Monthly Archives: October 2023

Three 2002s: Mouton, Léoville Las Cases, and Latour

Some American friends and regular contributors to the Bordeaux Wine Enthusiasts forum recently came to visit.
BWE (http://www.bordeauxwineenthusiasts.com/viewforum.php?f=4) is the only internet forum devoted to Bordeaux and, over the years, virtual friends have become real ones at wine dinners shared on several continents.

My wife and I served a special dinner to which I invited two other friends. Jean-François Bourrut-Lacouture,  a retired négociant and Lori Westmoreland, who works in public relations at Ch. Léoville Poyferré. The 8 of us tasted 10 ½ bottles (I say tasted, but I see this morning that there was surprisingly little left over…). Here’s an overview of the wines. I say overview because I don’t take notes at table.

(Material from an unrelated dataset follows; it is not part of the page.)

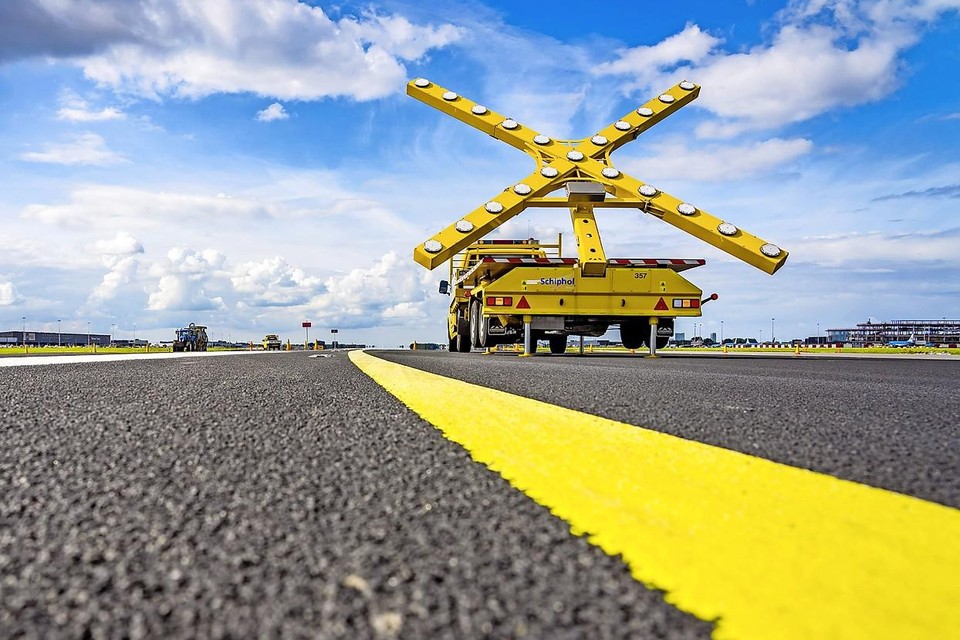 Bij onderhoud aan start- en landingsbanen staat er volgens internationaal voorschrift een kruis op de baan.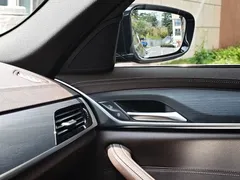 2021 BMW 5 Series 5 530Li, чёрный — фото 27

The aperitif wines were 2012 Veuve Clicquot and 2012 Dom Pérignon. The former was certainly a good Champagne, but did not really float my boat. The Dom was, in everyone’s opinion, head and shoulders above it and, as opposed to many other vintages of DP, quite enjoyable to drink at age 11, i.e. relatively young. It was complex, yeasty, biscuity, and had a wonderful aftertaste

We started the meal with  two Sauternes and foie gras on a bed of mâche, or lamb’s lettuce. The first Sauternes (or rather, Barsac), was 2001 Doisy Daënes, which was delightful and the kind of wine you can love either young or old. We raised a toast to the late Denis Dubourdieu, owner of the estate and Dean of the Faculty of Enology at Bordeaux University. One of the great men of Bordeaux. The wine had the trademark minerality and digestibility of great Barsac.
This was followed by 1997 Yquem. Once again, a toast was raised to the late Count de Lur Saluces, who died earlier this year. As opposed to the red wines of Bordeaux, 1997 is a very good vintage in Sauternes. As this was tasted blind, most people thought the wine was older, from the 1980s. I can see why because the color looked that way. The wine was, to my mind, at peak and a joy to drink.

With the goose confit, duchess potatoes, and cauliflower we transitioned to reds, starting out with a 2019 Siran from Margaux that had been given by Edouard Miailhe during a visit earlier that afternoon. This was a promising, elegant wine.


Next up were three wines served side by side: 2002 Mouton Rothshild, 2002 Léoville Las Cases, and 2002 Latour. It was fascinating to compare these blind. Everyone agreed that the LLC was not up to the standard of the Pauillacs. I had hoped it would be because many people feel that this estate is on a par with the first growths and the Delon family at one point unsuccessfully tried to price it in that category. So, the duel was between Mouton and Latour. I was in the minority, felling that the former edged out the latter. Mouton was beautifully aromatic and elegant, a superb Médoc entering its drinking window. Where Latour did outperform was on the incredibly suave long aftertaste.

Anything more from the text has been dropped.